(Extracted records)
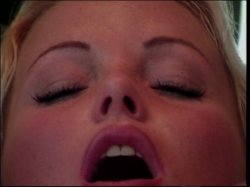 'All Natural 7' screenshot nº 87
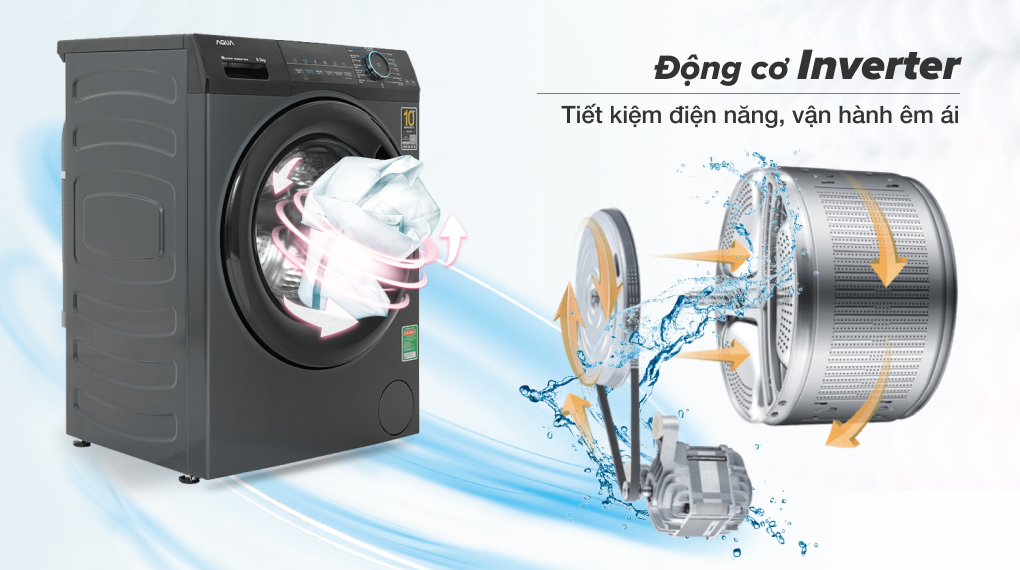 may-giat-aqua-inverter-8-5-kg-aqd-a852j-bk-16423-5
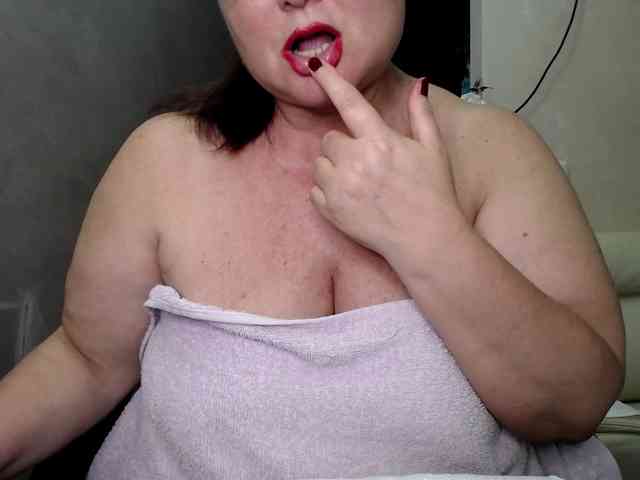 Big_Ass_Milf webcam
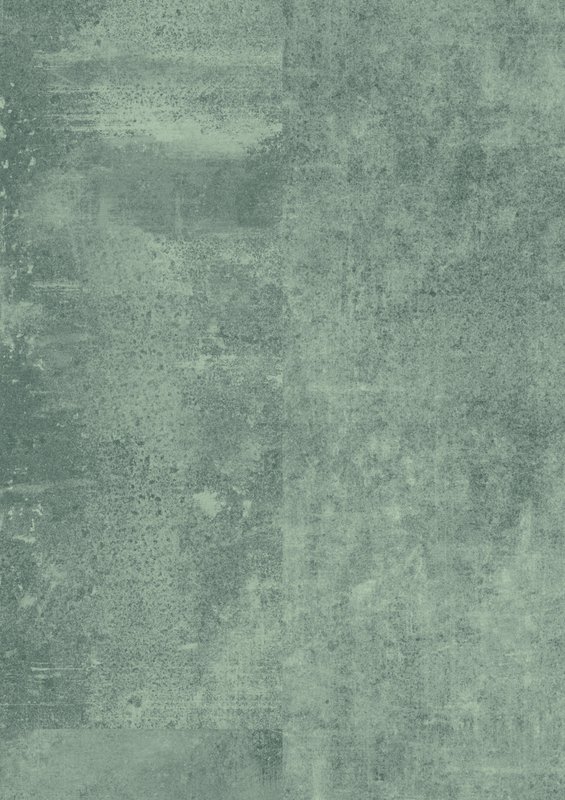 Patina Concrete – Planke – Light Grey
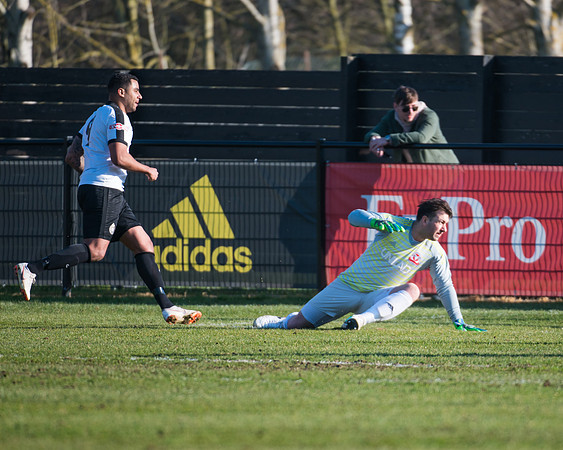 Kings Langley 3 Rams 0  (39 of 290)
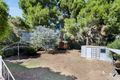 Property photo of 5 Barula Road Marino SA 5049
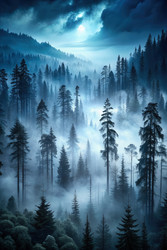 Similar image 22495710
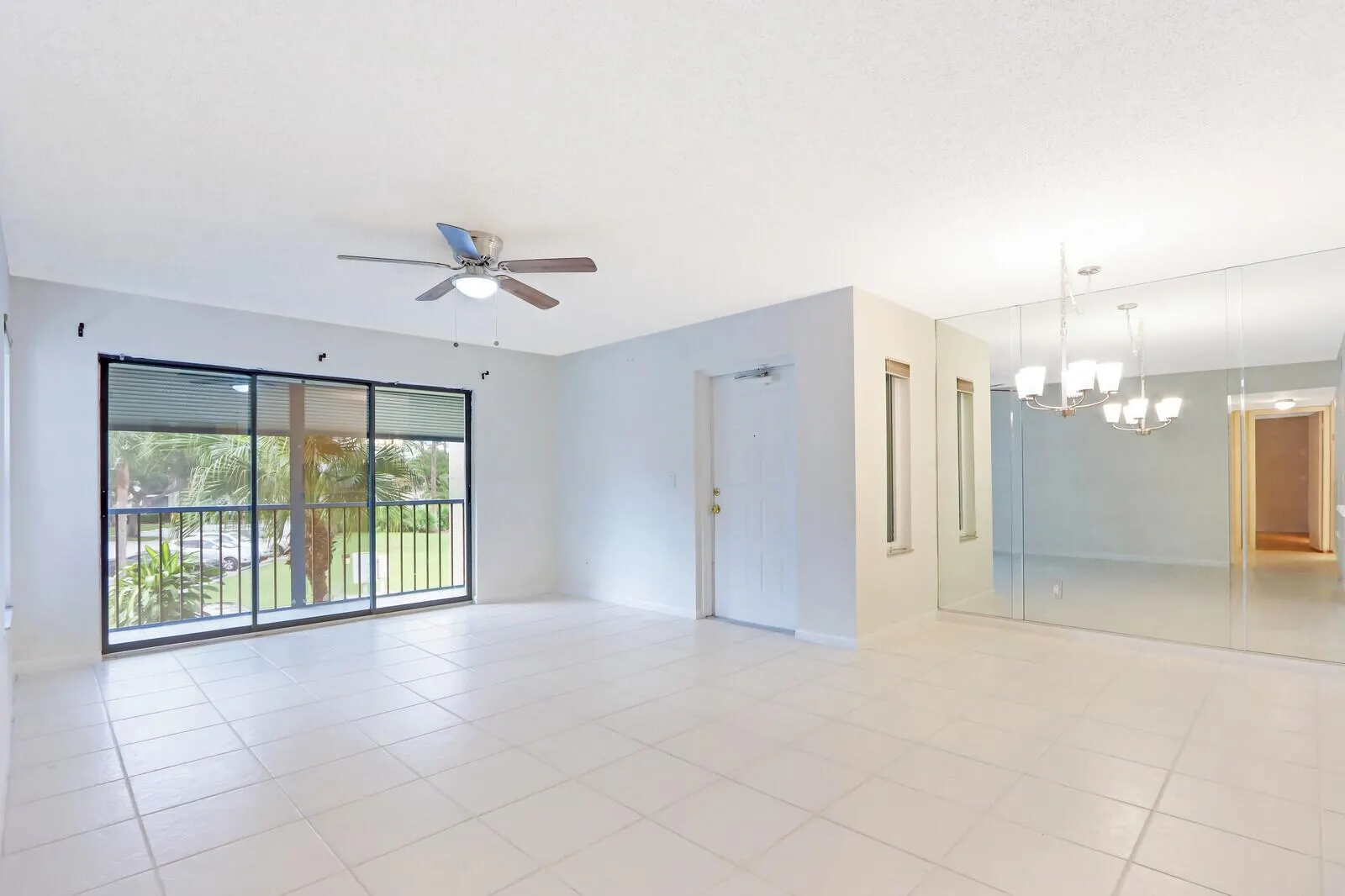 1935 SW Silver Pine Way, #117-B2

* TASK DIRECTIONS
Retype precisely, and only, the lines from the one holding "Property photo of" through the final line of the data above, with the pictures omitted.

* OUTPUT OF THE EXERCISE
 Property photo of 5 Barula Road Marino SA 5049
 Similar image 22495710
 1935 SW Silver Pine Way, #117-B2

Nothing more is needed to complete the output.